____ DATA EXCERPT
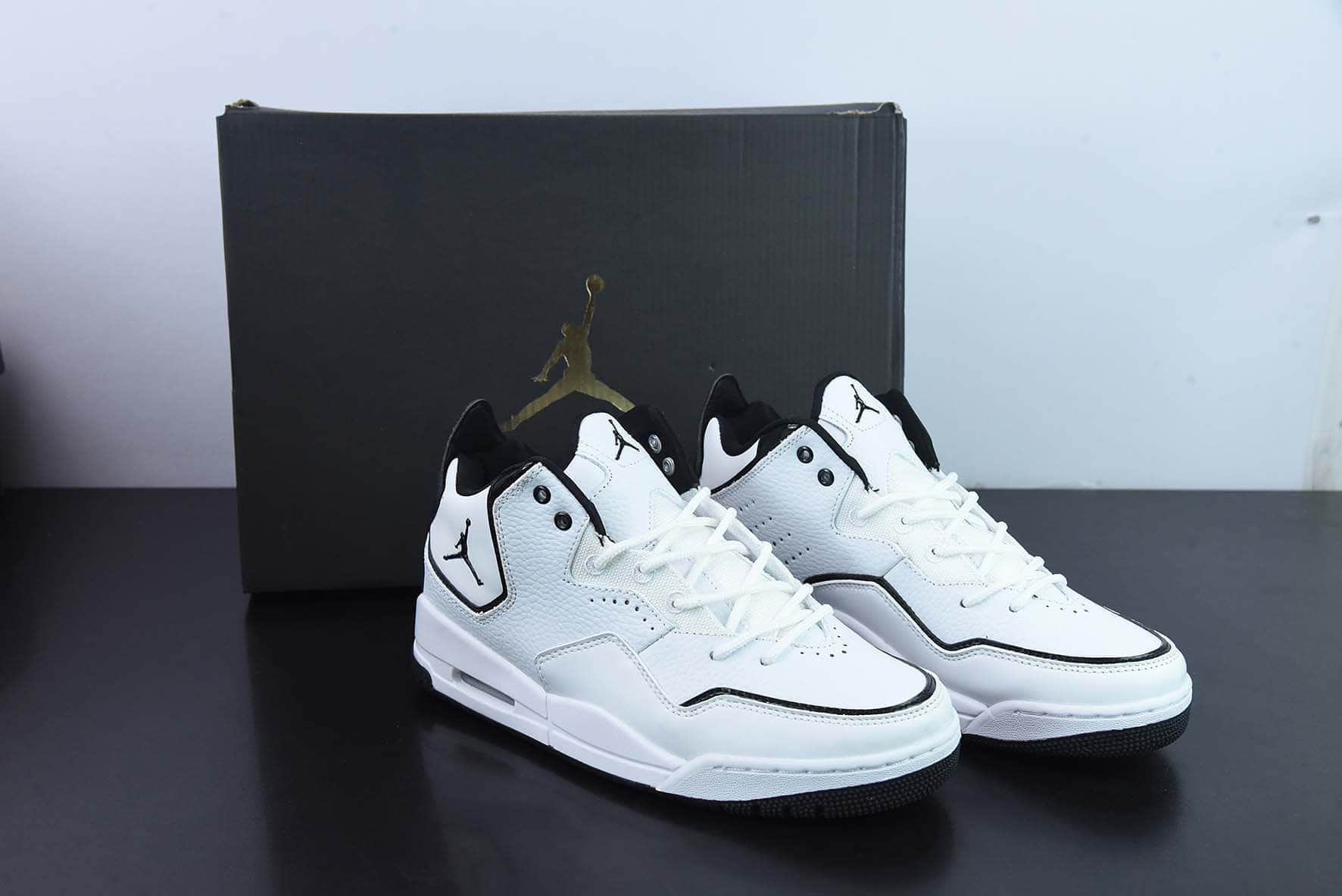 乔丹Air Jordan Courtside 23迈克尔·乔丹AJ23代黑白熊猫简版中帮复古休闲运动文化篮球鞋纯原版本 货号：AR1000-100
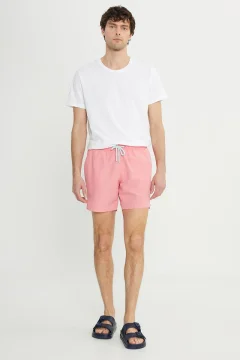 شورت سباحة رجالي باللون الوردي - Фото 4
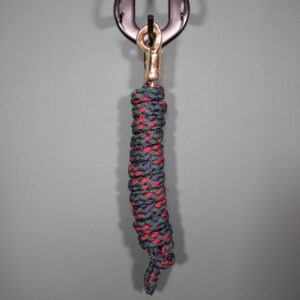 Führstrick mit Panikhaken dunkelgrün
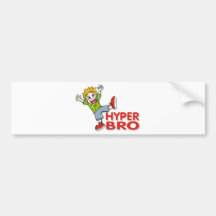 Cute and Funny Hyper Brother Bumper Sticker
________
WHAT NEEDS TO BE DONE :: Could you give back the full listing word for word, leaving out the images?

COMPLETED TASK ::
 乔丹Air Jordan Courtside 23迈克尔·乔丹AJ23代黑白熊猫简版中帮复古休闲运动文化篮球鞋纯原版本 货号：AR1000-100
 شورت سباحة رجالي باللون الوردي - Фото 4
 Führstrick mit Panikhaken dunkelgrün
 Cute and Funny Hyper Brother Bumper Sticker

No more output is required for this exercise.